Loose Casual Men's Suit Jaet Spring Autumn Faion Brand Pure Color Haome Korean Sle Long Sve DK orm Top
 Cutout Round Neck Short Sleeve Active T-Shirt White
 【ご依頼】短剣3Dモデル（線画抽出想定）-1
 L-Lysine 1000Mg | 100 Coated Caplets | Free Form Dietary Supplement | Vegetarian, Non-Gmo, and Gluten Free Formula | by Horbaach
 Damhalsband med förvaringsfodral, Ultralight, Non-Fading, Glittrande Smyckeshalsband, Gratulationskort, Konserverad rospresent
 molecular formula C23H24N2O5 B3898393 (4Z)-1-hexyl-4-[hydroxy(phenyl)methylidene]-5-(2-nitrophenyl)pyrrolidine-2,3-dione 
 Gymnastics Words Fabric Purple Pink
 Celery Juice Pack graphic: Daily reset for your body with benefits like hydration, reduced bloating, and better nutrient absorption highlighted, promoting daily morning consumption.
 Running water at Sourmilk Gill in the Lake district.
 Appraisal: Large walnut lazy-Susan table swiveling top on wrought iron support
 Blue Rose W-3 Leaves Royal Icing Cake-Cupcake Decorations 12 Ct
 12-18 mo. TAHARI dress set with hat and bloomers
================
Everything from the line containing "Celery Juice Pack" through the end of the entries above should be retyped exactly, and nothing else.

> **Reply**:
 Celery Juice Pack graphic: Daily reset for your body with benefits like hydration, reduced bloating, and better nutrient absorption highlighted, promoting daily morning consumption.
 Running water at Sourmilk Gill in the Lake district.
 Appraisal: Large walnut lazy-Susan table swiveling top on wrought iron support
 Blue Rose W-3 Leaves Royal Icing Cake-Cupcake Decorations 12 Ct
 12-18 mo. TAHARI dress set with hat and bloomers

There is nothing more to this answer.